We need a national debate on Muslim veils in public places, says minister

 
hijab
Getty
Staff|Agency16 September 2013

Britain should consider banning Muslim girls and women from wearing veils in schools and public places, a Home Office minister has said.

Liberal Democrat Jeremy Browne called for a national debate on whether the state should step in to prevent young women having the veil imposed upon them.

His intervention came after a row erupted over the decision by Birmingham Metropolitan College to drop a ban on the wearing of full-face veils amid public protests.

Mr Browne said he was "instinctively uneasy" about restricting religious freedoms but said there may be a case to act to protect girls who were too young to decide for themselves whether they wished to wear the veil or not.

"I think this is a good topic for national debate. People of liberal instincts will have competing notions of how to protect and promote freedom of choice," he told The Daily Telegraph.

hijab
Getty

"I am instinctively uneasy about restricting the freedom of individuals to observe the religion of their choice.
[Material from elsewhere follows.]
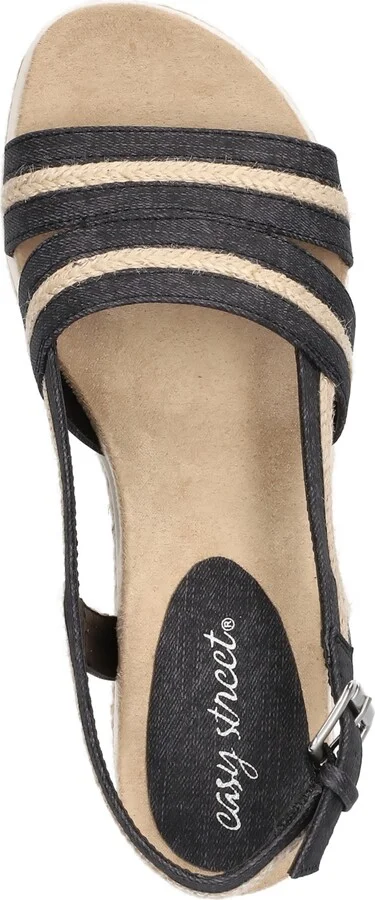 Easy Street Women's Mel Wedge Heel Sandals - Image 9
That would apply to Christian minorities in the Middle East just as much as religious minorities here in Britain.

"But there is genuine debate about whether girls should feel a compulsion to wear a veil when society deems children to be unable to express personal choices about other areas like buying alcohol, smoking or getting married.

"We should be very cautious about imposing religious conformity on a society which has always valued freedom of expression."

It is thought that Mr Browne, who is attending his party's annual conference in Glasgow, is the first senior Lib Dem to voice such concerns in public.

However there are signs that his views are shared by a number of Conservative MPs who were dismayed at the way the Birmingham Metropolitan College case was handled.

The college had originally banned niqabs and burkas from its campuses eight years ago on the grounds that students should be easily identifiable at all times.

But when a 17-year-old prospective student complained to her local newspaper that she was being discriminated against, a campaign sprang up against the ban, attracting 8,000 signatures to an online petition in just 48 hours.

Following the college's decision to withdraw it, Downing Street said that David Cameron would support a ban in his children's schools, although the decision should rest with the head teacher.

However the Prime Minister has been coming under growing pressure from his own MPs for a re-think on current Department for Education guidelines in order to protect schools and colleges from being "bullied".

Tory backbencher Dr Sarah Wollaston, said the veils were "deeply offensive" and were "making women invisible" and called for the niqab to be banned in schools and colleges.

Writing for The Telegraph, she said: "It would be a perverse distortion of freedom if we knowingly allowed the restriction of communication in the very schools and colleges which should be equipping girls with skills for the modern world. We must not abandon our cultural belief that women should fully and equally participate in society."